Para quem duvidava: Palmeiras x Corinthians é diferente

Para quem duvidava: Palmeiras x Corinthians é diferente

Antero Greco

06 de fevereiro de 2011 | 20h50

Se alguém duvidava que Corinthians x Palmeiras é um clássico diferente, o resultado deste domingo serve para minar ceticismo. O alvinegro entrou em campo pressionado, xingado, ameaçado – e com a perspectiva de levar uma surra. O alviverde se apresentou para o duelo tranquilo, em paz, descontraído e líder do Paulista. Até dominou parte do jogo, mas saiu de campo com invencibilidade perdida, com 1 a 0 na cacunda e ajudou a pacificar o rival.

A história de nove décadas dérbi paulistano é repleta de exemplos de recuperação daquele que estava em pior fase.
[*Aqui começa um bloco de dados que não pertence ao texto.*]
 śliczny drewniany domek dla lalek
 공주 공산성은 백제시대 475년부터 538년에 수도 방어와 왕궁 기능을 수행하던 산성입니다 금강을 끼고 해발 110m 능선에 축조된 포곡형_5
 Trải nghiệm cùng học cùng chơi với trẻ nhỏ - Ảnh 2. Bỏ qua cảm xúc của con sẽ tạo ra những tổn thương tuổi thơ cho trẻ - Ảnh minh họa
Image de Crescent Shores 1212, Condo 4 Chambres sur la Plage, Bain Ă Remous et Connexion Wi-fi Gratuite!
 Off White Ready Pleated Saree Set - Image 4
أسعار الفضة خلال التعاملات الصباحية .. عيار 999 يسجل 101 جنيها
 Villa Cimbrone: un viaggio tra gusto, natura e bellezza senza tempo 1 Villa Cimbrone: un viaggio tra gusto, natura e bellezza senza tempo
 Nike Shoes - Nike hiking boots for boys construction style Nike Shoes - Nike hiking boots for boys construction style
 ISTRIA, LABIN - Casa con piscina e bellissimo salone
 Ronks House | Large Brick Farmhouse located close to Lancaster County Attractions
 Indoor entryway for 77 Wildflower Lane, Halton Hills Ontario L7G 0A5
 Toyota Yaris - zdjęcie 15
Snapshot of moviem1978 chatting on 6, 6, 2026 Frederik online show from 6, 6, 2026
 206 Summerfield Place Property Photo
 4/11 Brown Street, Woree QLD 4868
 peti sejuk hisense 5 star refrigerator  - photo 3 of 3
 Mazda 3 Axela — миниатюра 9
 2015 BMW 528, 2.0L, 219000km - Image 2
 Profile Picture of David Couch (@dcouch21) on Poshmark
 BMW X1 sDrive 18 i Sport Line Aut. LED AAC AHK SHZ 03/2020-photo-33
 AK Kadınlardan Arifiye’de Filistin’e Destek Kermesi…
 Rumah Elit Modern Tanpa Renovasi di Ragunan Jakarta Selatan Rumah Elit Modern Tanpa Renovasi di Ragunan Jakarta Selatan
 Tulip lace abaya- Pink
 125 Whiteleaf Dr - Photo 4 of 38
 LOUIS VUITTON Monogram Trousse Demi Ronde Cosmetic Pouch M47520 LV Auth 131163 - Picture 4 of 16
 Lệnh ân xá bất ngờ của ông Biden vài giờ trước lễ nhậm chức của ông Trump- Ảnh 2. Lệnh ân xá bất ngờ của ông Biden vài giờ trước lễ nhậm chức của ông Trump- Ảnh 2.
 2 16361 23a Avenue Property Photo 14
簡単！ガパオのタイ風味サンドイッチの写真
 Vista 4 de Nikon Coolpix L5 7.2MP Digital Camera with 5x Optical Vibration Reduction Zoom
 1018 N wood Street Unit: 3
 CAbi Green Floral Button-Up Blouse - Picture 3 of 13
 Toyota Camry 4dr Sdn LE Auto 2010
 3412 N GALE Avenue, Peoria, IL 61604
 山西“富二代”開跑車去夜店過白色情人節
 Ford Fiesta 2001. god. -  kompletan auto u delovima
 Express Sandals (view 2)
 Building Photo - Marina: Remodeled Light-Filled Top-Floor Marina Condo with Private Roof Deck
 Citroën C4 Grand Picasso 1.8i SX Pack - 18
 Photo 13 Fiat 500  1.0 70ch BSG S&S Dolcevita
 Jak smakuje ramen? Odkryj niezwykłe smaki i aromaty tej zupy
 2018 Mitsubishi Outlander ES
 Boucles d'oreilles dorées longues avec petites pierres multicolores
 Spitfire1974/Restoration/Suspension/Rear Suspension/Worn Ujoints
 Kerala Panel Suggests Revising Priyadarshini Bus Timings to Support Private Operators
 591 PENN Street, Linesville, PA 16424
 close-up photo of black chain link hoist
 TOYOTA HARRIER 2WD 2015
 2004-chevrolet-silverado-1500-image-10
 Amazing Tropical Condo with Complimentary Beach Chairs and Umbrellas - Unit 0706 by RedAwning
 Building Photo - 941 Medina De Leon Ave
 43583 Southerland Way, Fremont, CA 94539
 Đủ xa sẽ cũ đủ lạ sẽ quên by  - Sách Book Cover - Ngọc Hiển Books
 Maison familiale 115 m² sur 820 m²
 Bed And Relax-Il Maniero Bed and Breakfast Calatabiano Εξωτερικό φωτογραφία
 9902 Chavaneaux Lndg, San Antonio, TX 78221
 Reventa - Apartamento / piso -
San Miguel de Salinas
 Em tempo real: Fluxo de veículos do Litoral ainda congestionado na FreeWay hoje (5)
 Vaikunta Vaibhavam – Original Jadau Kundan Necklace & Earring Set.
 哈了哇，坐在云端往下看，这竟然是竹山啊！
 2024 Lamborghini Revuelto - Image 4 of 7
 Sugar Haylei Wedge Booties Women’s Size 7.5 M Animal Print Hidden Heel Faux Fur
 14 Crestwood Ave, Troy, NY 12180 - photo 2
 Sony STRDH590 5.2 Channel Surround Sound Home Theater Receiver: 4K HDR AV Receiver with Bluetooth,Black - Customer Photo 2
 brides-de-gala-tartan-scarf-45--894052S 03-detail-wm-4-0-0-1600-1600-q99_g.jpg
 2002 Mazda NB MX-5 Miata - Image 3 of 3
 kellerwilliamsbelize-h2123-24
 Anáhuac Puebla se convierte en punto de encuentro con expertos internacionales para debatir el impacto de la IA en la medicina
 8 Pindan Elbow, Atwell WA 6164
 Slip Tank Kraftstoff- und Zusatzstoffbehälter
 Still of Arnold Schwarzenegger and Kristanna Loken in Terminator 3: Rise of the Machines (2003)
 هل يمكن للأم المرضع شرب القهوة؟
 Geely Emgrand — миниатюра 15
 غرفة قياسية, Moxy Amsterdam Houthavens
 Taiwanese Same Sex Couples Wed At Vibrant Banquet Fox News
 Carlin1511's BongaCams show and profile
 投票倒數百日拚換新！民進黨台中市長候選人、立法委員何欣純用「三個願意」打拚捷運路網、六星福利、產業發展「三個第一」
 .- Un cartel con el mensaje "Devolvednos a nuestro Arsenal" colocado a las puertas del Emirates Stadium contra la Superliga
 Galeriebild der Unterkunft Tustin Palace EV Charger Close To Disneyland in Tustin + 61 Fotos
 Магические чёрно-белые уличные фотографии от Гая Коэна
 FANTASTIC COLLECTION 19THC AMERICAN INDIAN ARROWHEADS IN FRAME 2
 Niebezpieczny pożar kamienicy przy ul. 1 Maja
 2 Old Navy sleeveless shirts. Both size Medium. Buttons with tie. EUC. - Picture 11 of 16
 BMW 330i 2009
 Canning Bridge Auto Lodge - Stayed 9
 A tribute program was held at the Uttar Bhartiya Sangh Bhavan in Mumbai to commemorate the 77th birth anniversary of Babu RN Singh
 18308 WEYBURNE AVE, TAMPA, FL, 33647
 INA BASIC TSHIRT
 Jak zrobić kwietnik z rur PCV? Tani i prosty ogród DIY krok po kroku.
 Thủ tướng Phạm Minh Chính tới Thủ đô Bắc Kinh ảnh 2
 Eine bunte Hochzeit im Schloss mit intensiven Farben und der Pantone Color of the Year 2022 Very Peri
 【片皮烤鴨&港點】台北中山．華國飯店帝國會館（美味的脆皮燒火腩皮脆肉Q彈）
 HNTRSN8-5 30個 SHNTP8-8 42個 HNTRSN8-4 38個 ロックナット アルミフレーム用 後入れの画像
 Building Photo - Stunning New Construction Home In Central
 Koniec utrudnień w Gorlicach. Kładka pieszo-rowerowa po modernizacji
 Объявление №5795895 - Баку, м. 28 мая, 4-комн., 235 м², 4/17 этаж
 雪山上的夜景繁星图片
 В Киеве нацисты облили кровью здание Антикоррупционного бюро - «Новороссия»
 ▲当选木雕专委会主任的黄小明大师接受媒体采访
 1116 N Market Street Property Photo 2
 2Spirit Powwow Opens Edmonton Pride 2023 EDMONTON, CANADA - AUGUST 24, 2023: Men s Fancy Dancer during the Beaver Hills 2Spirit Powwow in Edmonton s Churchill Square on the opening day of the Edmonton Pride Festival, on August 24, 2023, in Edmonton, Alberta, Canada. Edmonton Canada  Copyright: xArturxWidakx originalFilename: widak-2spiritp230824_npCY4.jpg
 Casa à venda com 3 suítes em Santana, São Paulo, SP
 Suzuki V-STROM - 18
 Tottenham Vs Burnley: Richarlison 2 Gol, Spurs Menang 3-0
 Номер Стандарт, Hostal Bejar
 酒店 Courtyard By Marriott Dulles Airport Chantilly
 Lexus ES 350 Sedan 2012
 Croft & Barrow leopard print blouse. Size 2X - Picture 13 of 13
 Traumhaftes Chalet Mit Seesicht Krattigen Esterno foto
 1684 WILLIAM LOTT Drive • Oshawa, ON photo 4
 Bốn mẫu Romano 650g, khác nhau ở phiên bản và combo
Para recordar dois casos, apenas: em 1999, o Palmeiras ainda festejava a conquista da Libertadores, quando perdeu o título paulista para o Corinthians. No ano seguinte, o Corinthians tinha um baita time, era favorito na semifinal do torneio continental, mas foi eliminado pelo Palmeiras, na disputa por pênaltis. E assim por diante…

O clássico deste domingo não foi antológico – longe disso. Nenhum dos dois tem elenco formidável. O Palmeiras se acerta na competição doméstica sem alarde, com uma formação modesta e não ostenta favoritismo. Havia colecionado cinco vitórias consecutivas com futebol correto, sem exageros e na base do empenho. O Corinthians encarou o desafio – e a desconfiança da torcida – com a mesma defesa que perdeu na Colômbia, com praticamente o mesmo meio-campo e sem Roberto Carlos, Ronaldo e Dentinho, poupados.

O Palmeiras tratou de colocar velocidade no jogo, com Tinga, Luan, Dinei e Kléber. Mas parou em Júlio César, pra mim o melhor da tarde. O goleiro fez pelo menos cinco boas defesas, a mais importante delas aos 47 minutos do segundo tempo, num chute de Kléber quase na pequena área. Na sequência, ainda viu Patrick cabecear no travessão. Os três pontos devem muito à atuação desse rapaz, que em 2010 ganhou espaço com a saída de Felipe.

Fatal para o Palmeiras foi a lentidão da zaga. Maurício Ramos e Thiago Heleno ganharam todas, enquanto tiveram pela frente Ramirez e Edno, pesados e com pouca movimentação. Com a entrada de William e Morais, tiveram mais dificuldade para acompanhá-los. Tanto que, aos 38 minutos, Morais fez rápida troca de passes com Alessandro, que chutou para marcar.

O resultado acalma o Corinthians, dá tempo para Tite e seus rapazes respiraram. Com dois jogos a menos e com 9 pontos, pode até encostar na liderança. O Paulista é o que resta no primeiro semestre – chance para não desperdiçar. O Palmeiras não entra em parafuso, se mantém na ponta, mas agora é sua vez de aguentar as gozações. É da vida, é desse clássico, diferente dos demais, mágico, inexplicável.